[Supplied material Boundary: Start]
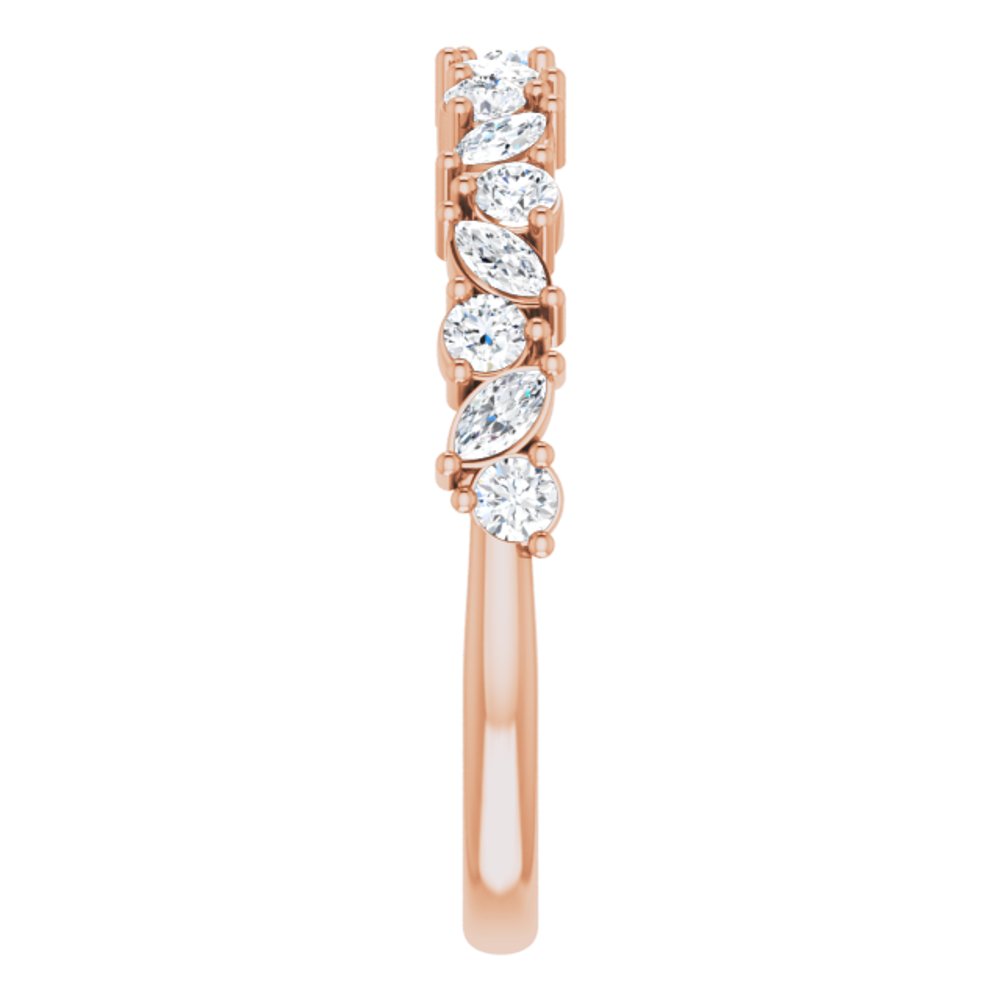 14K Rose 1/2 CTW Natural Diamond Anniversary Band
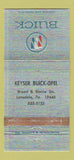 Matchbook Cover - Keyser Buick Opel Lansdale PA WORN 30 Strike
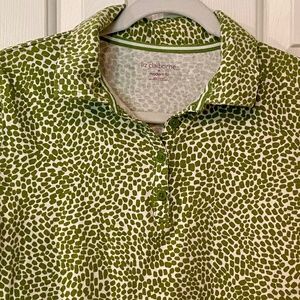 Liz Claiborne Medium Modern Fit Short Sleeve Shirt w/ Collar Brushstroke Pattern
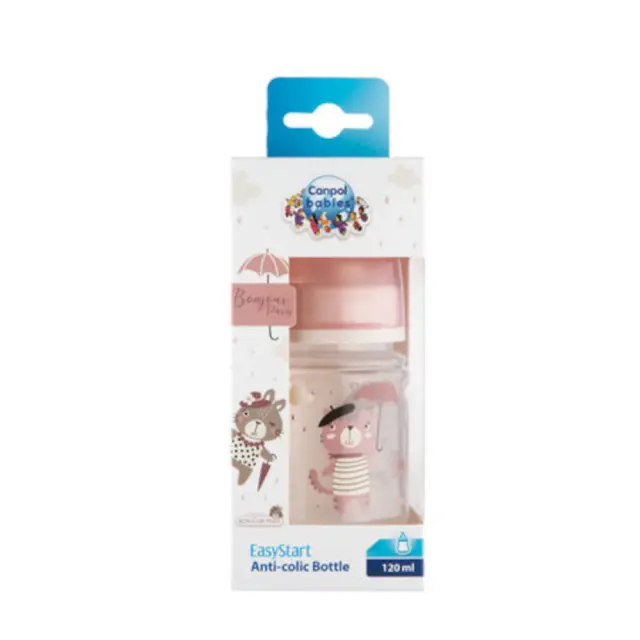 Πλατύ Μπουκάλι Κατά των Κολικών 120ml +0m Bonjour Canpol Pink 35/231 2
[Supplied material Boundary: End]
What is required =>
Starting at the line that holds "Liz Claiborne Medium" and ending at the last line of the material above, repeat each line exactly, both ends included, and leave the pictures out.

Task output =>
 Liz Claiborne Medium Modern Fit Short Sleeve Shirt w/ Collar Brushstroke Pattern
 Πλατύ Μπουκάλι Κατά των Κολικών 120ml +0m Bonjour Canpol Pink 35/231 2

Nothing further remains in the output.